**PROBLEM TO WORK ON:** Below this line are records; transcribe exactly the lines between the one holding "初めてのクリスマスを祖父母としてレッドホリー セラミックオーナメント (正面)" and the one holding "KNDJ23AU4P7****** 2023 Kia Soul", inclusive, and omit the pictures.

--- EXTRACTED INFORMATION ---

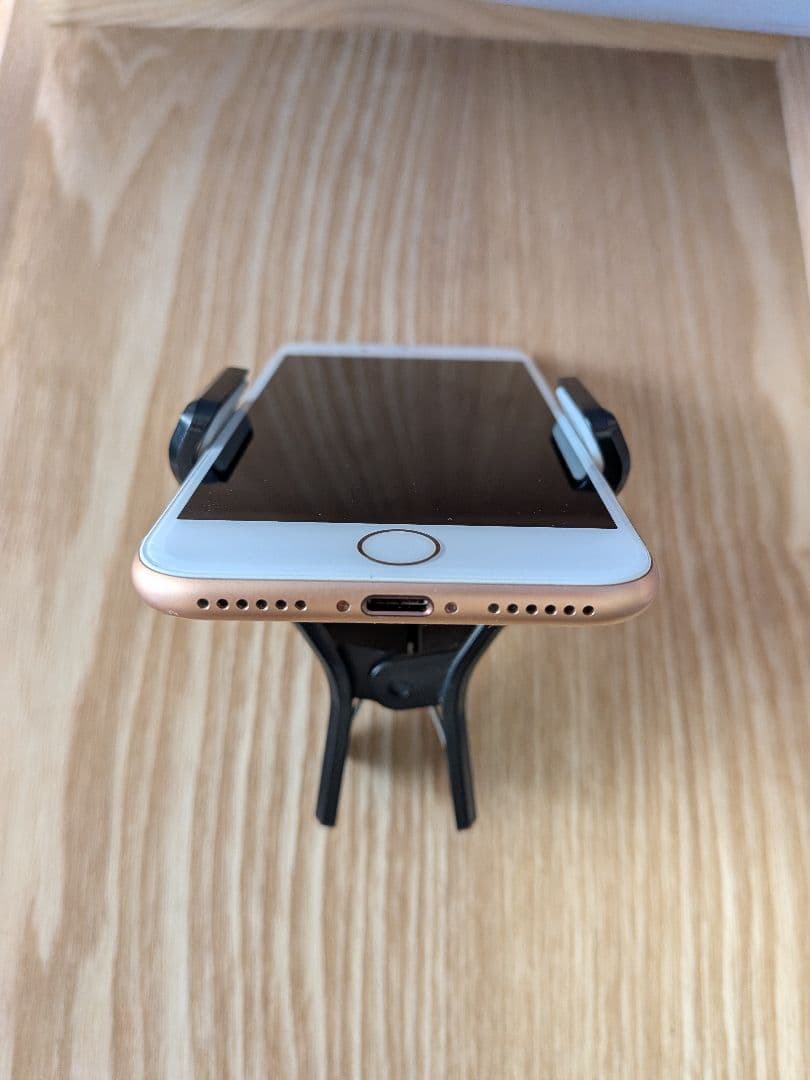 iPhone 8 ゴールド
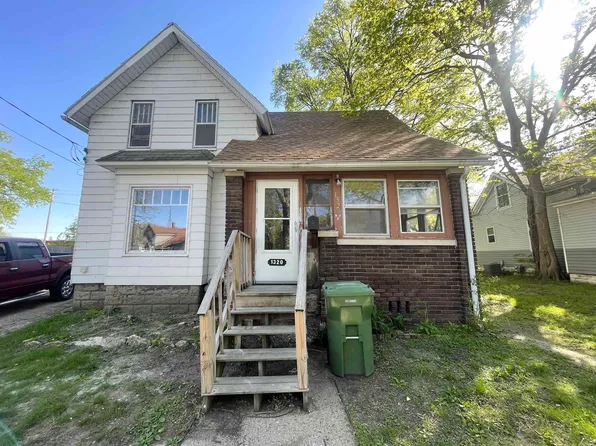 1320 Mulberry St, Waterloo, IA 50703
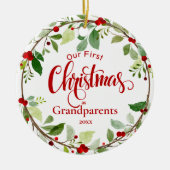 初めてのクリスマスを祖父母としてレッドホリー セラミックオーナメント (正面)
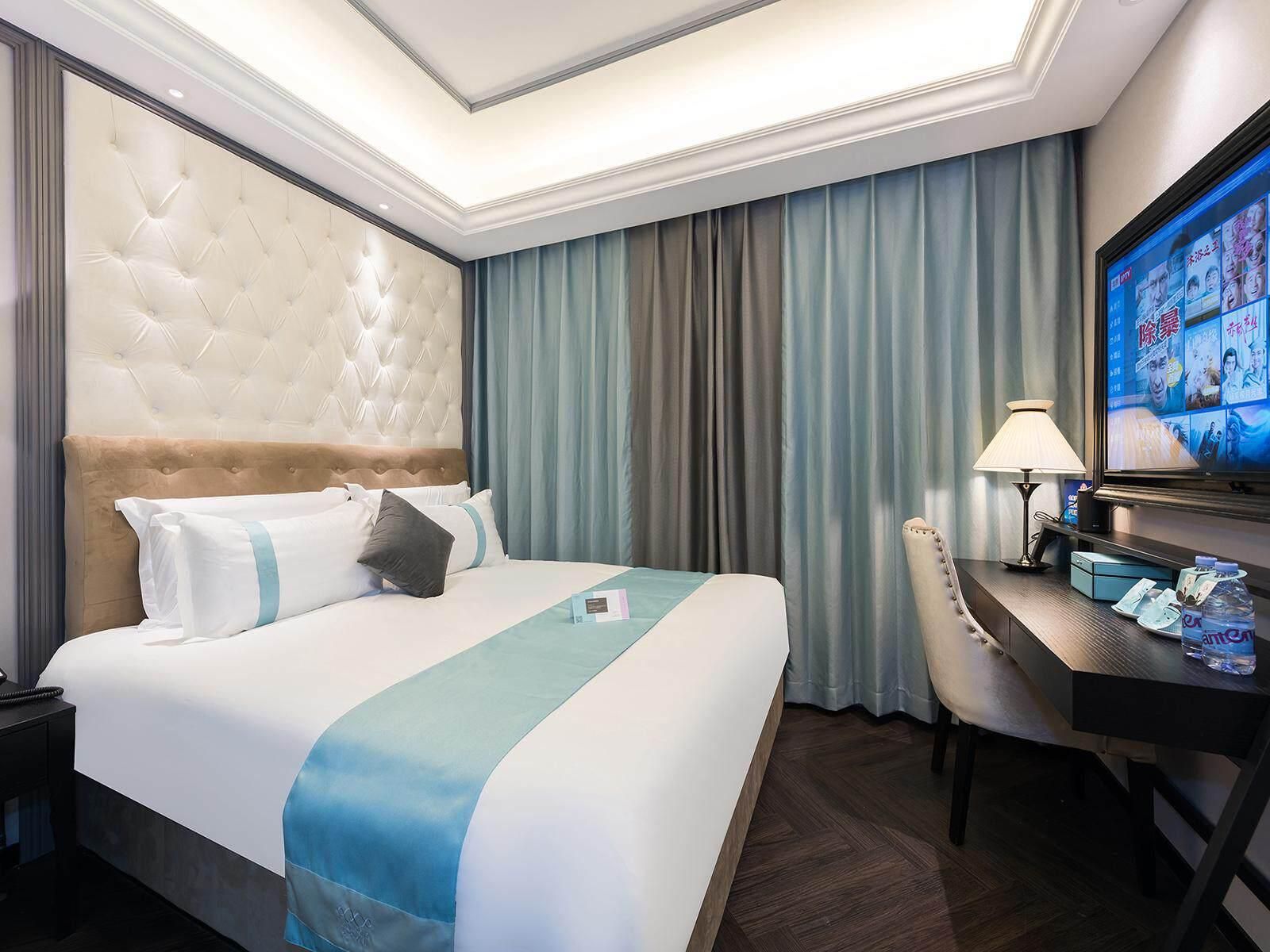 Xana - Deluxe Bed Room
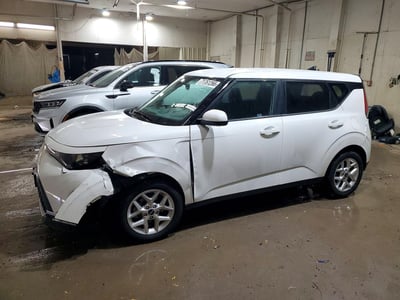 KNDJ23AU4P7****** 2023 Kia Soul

---
--- EXTRACTED INFORMATION ---

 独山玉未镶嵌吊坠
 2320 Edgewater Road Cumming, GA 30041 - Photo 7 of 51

---

**RESPONSE AREA:**
 初めてのクリスマスを祖父母としてレッドホリー セラミックオーナメント (正面)
 Xana - Deluxe Bed Room
 KNDJ23AU4P7****** 2023 Kia Soul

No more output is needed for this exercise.